Only the pictures are to be dropped; the rest of the data below is to be duplicated exactly.

= = = = =

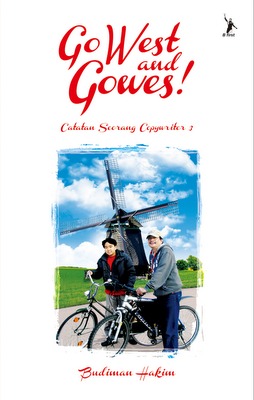 Go West and Gowes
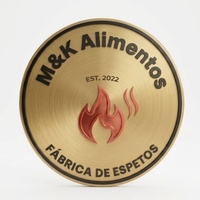 M & K ALIMENTOS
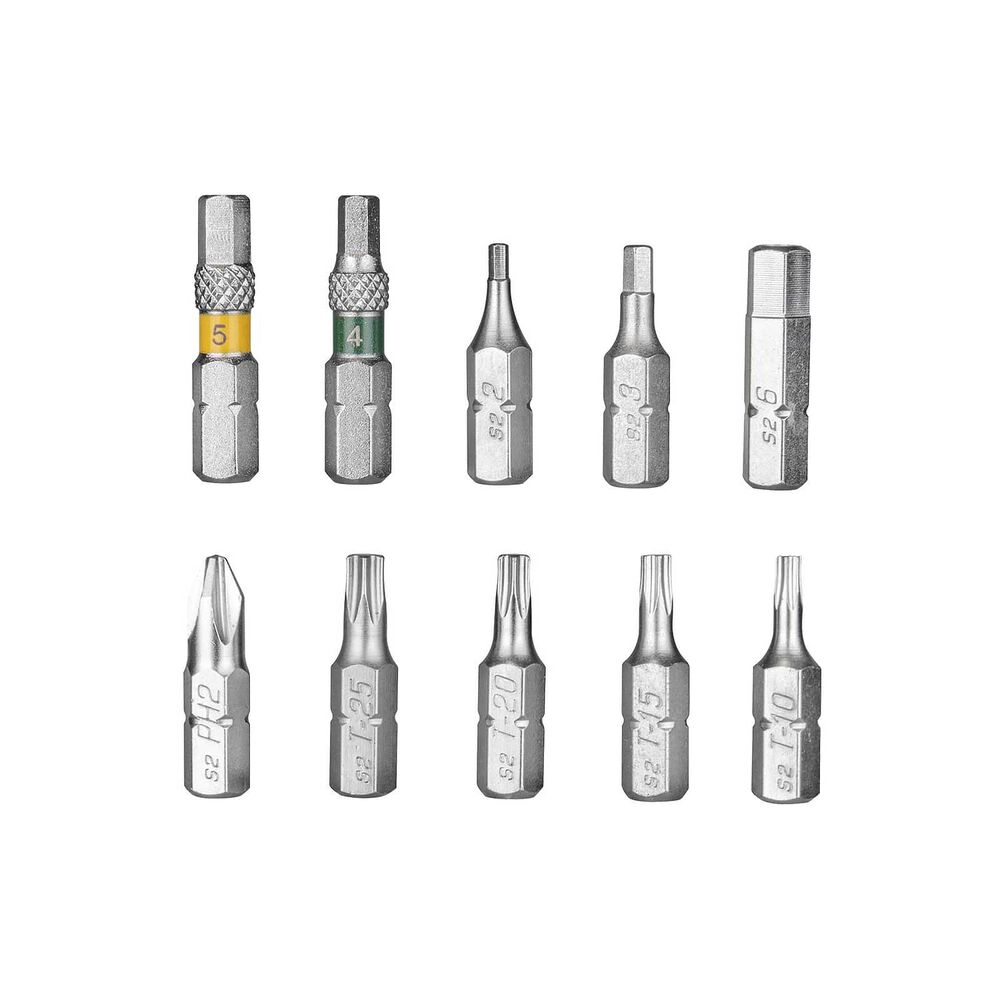 Herramienta Topeak Llave Torx Ratchet Stick image number 3.0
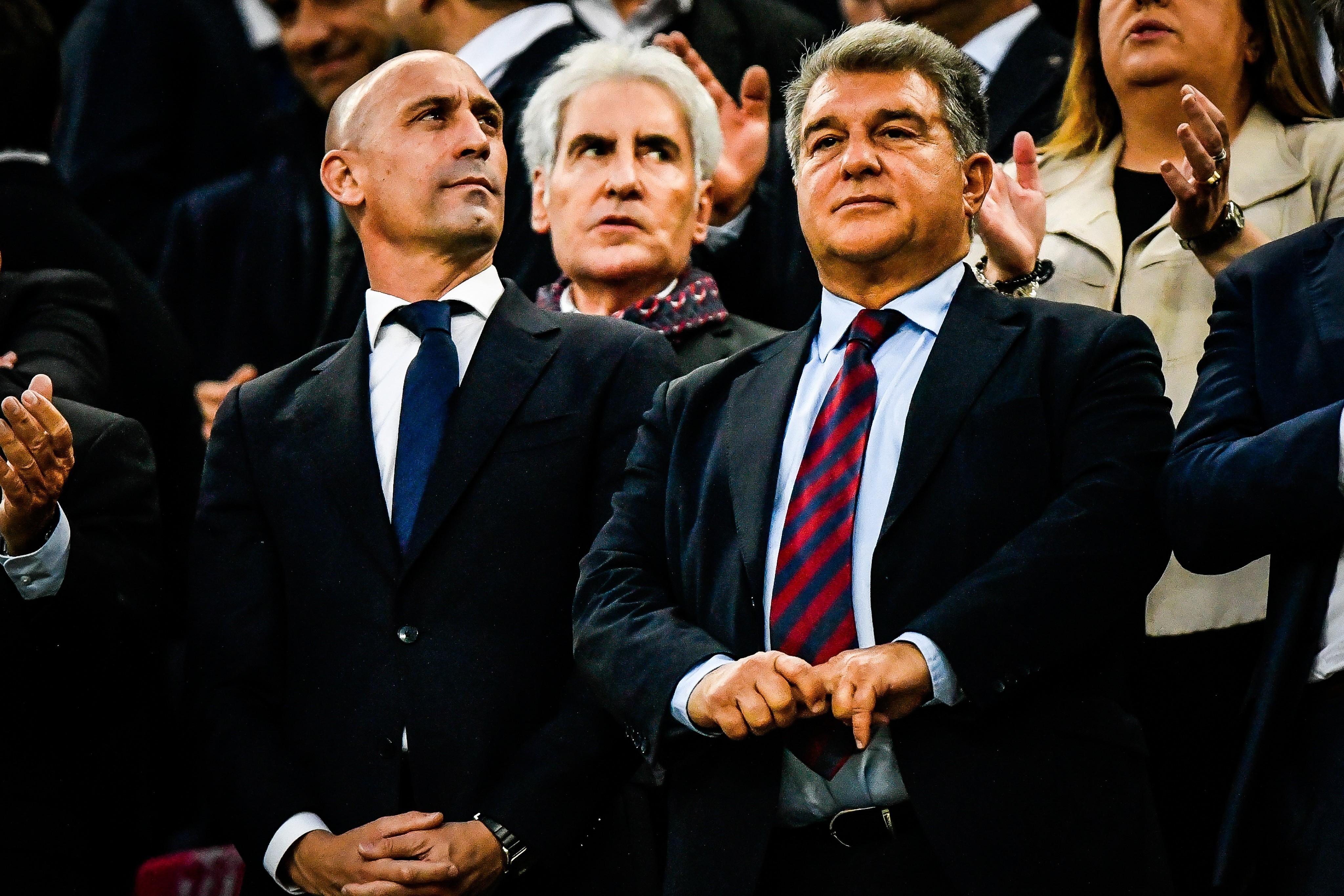 UEFA-voorzitter Ceferin: Geen Verdere Straf voor Rubiales na FIFA-schorsing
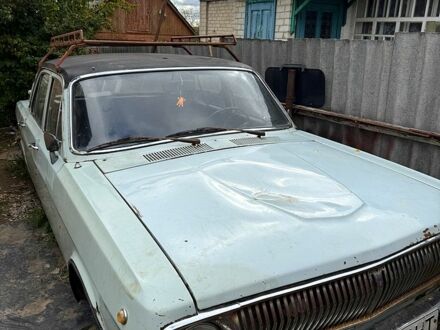 ГАЗ Волга, об'ємом двигуна 2 л та пробігом 120 тис. км за 400 $, фото 1 на Automoto.ua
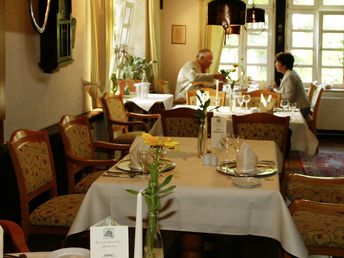 Entspannte Ostertage in der Natur | 2 Nächte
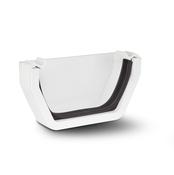 Polypipe Rs207 Stopend External Square White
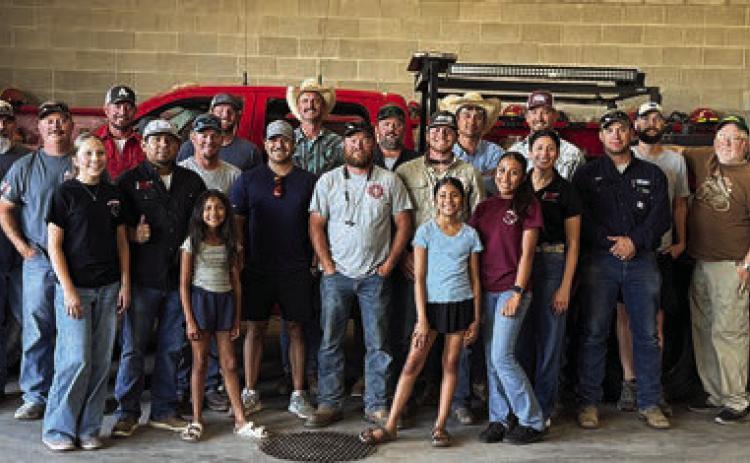 Trejo family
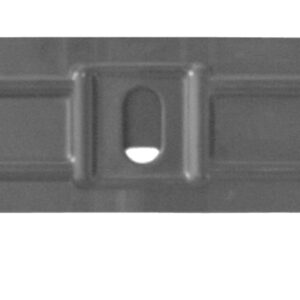 RENAULT KANGOO 2002 TRAVIESA FRONTAL INFERIOR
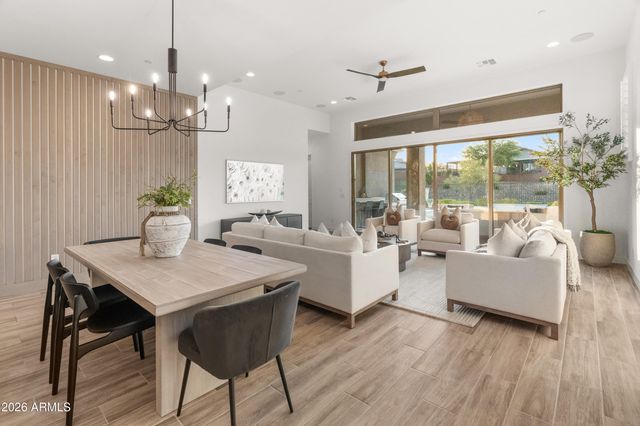 13288 W GOLDEN PUMA Trail, Peoria, AZ 85383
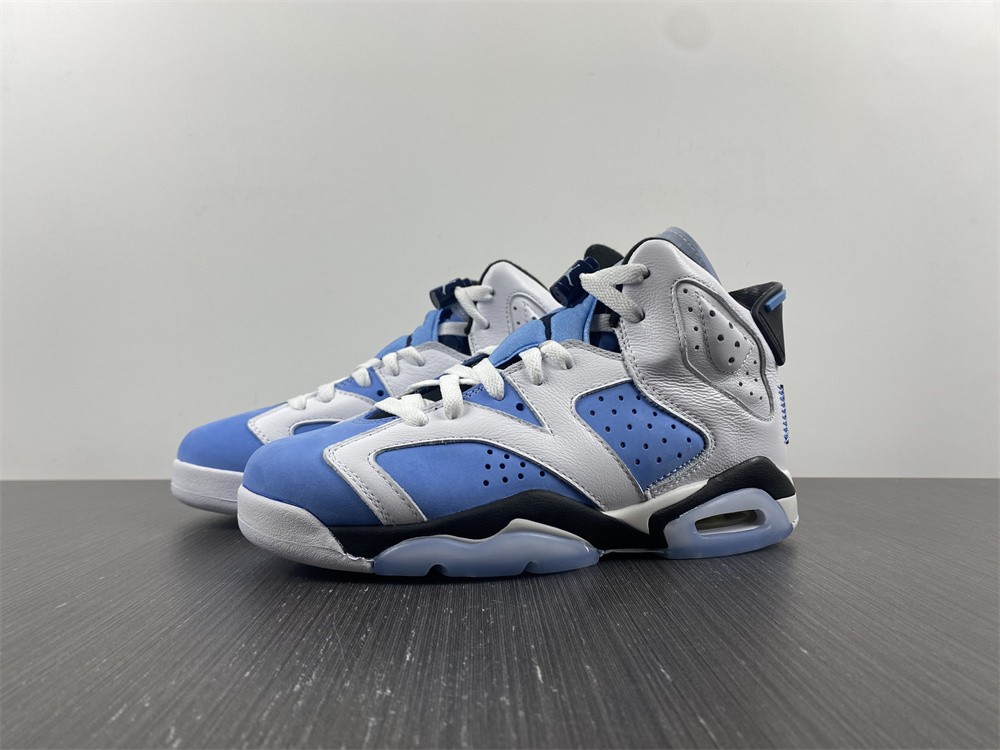Air Jordan 6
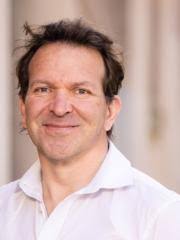 Associate Professor Steven Micklethwaite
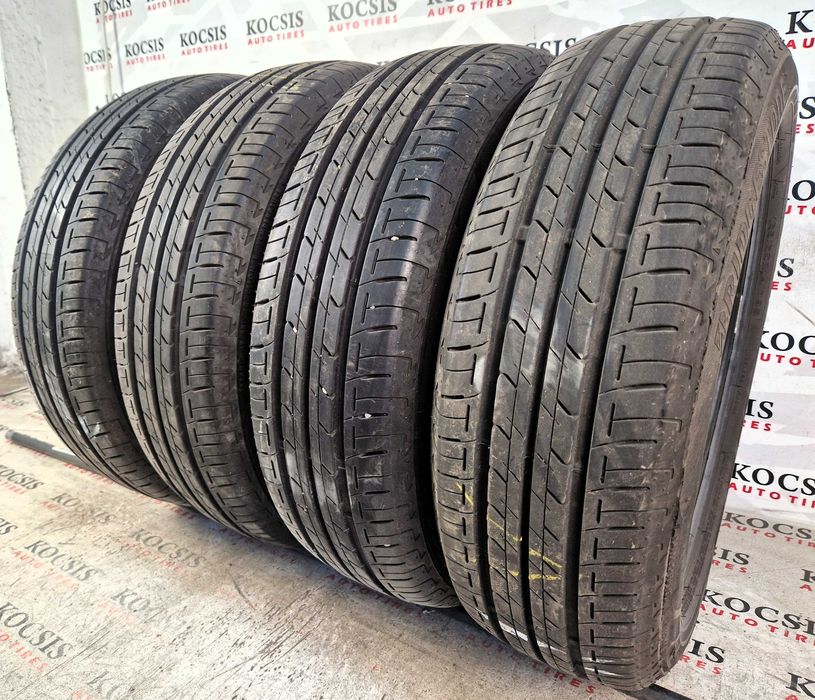 Anvelope second hand vara 165 65 14 Bridgestone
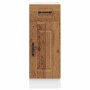 Mueble bajo de cocina Kalmar de madera antigua de ingeniería de , Armarios de cocina - Ref: Foro24-853465, Precio: 65,17 €, D...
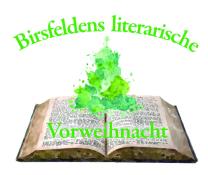 Birsfeldens literarische Vorweihnacht
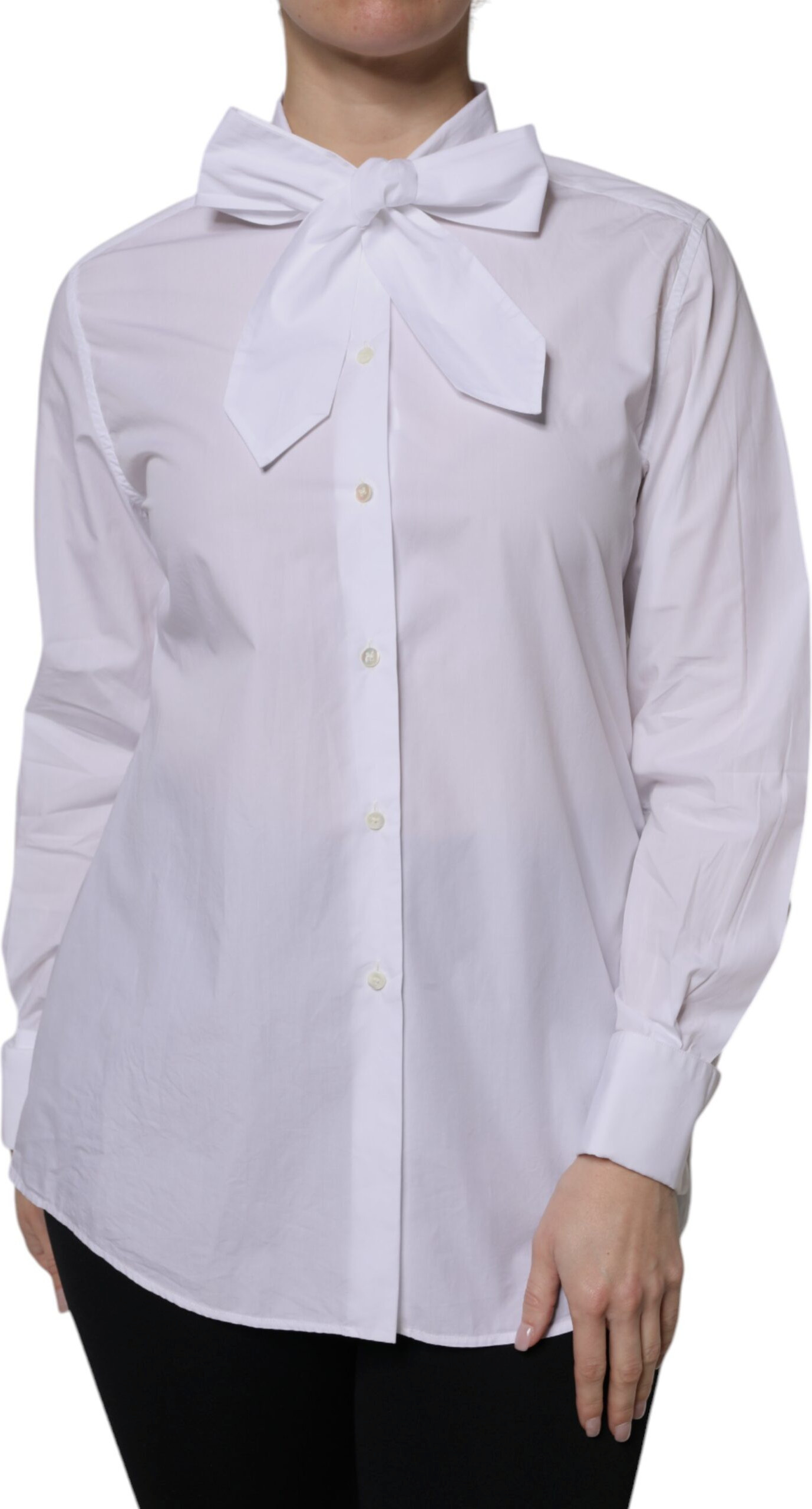 Blouse Top Dolce & Gabbana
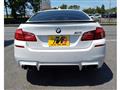 2013 BMW M Model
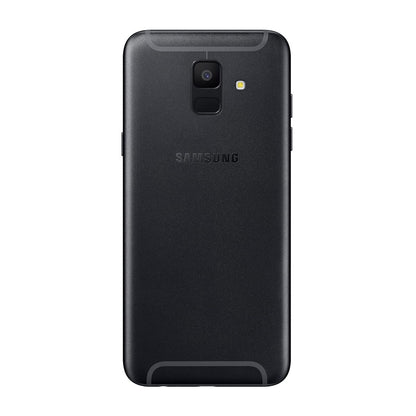Used Samsung Galaxy A6 32GB Black - Used condition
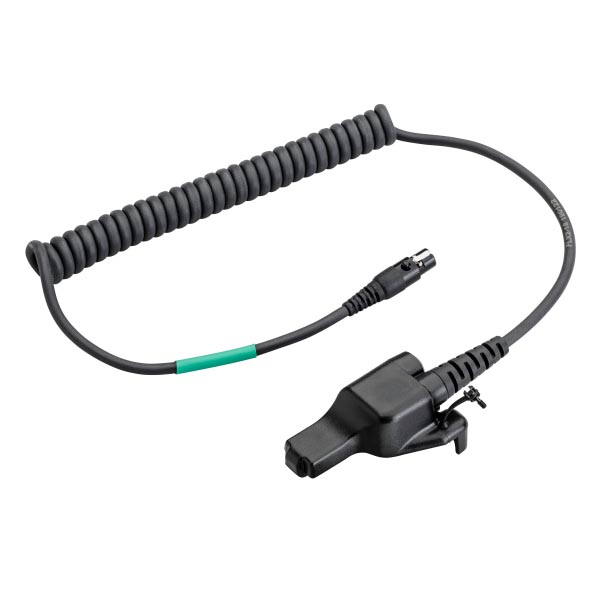 3M™ PELTOR™ FLX2 Kabel Motorola GP900, FLX2-18, 120 pro Packung 3M™ PELTOR™ FLX2 Kabel Motorola GP900, FLX2-18, 120 pro Packung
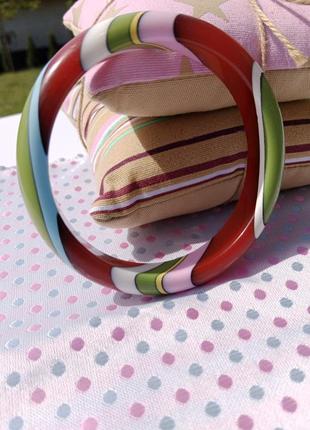 Браслет вінтажний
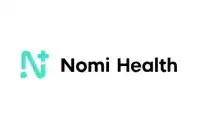 nomi health Logo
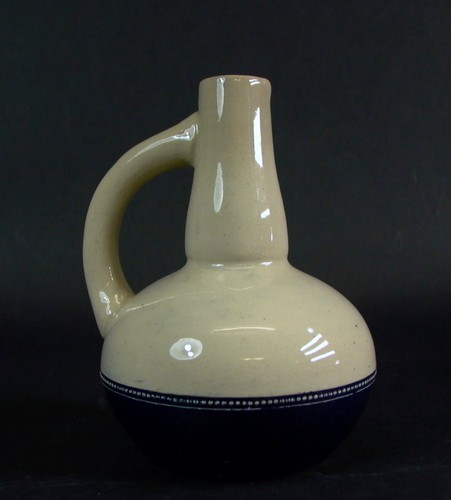 Jugendstil flasche - ,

= = = = =

§ YOUR RESPONSE
 Go West and Gowes
 M & K ALIMENTOS
 Herramienta Topeak Llave Torx Ratchet Stick image number 3.0
 UEFA-voorzitter Ceferin: Geen Verdere Straf voor Rubiales na FIFA-schorsing
 ГАЗ Волга, об'ємом двигуна 2 л та пробігом 120 тис. км за 400 $, фото 1 на Automoto.ua
 Entspannte Ostertage in der Natur | 2 Nächte
 Polypipe Rs207 Stopend External Square White
 Trejo family
 RENAULT KANGOO 2002 TRAVIESA FRONTAL INFERIOR
 13288 W GOLDEN PUMA Trail, Peoria, AZ 85383
Air Jordan 6
 Associate Professor Steven Micklethwaite
 Anvelope second hand vara 165 65 14 Bridgestone
 Mueble bajo de cocina Kalmar de madera antigua de ingeniería de , Armarios de cocina - Ref: Foro24-853465, Precio: 65,17 €, D...
 Birsfeldens literarische Vorweihnacht
 Blouse Top Dolce & Gabbana
 2013 BMW M Model
Used Samsung Galaxy A6 32GB Black - Used condition
 3M™ PELTOR™ FLX2 Kabel Motorola GP900, FLX2-18, 120 pro Packung 3M™ PELTOR™ FLX2 Kabel Motorola GP900, FLX2-18, 120 pro Packung
 Браслет вінтажний
 nomi health Logo
 Jugendstil flasche - ,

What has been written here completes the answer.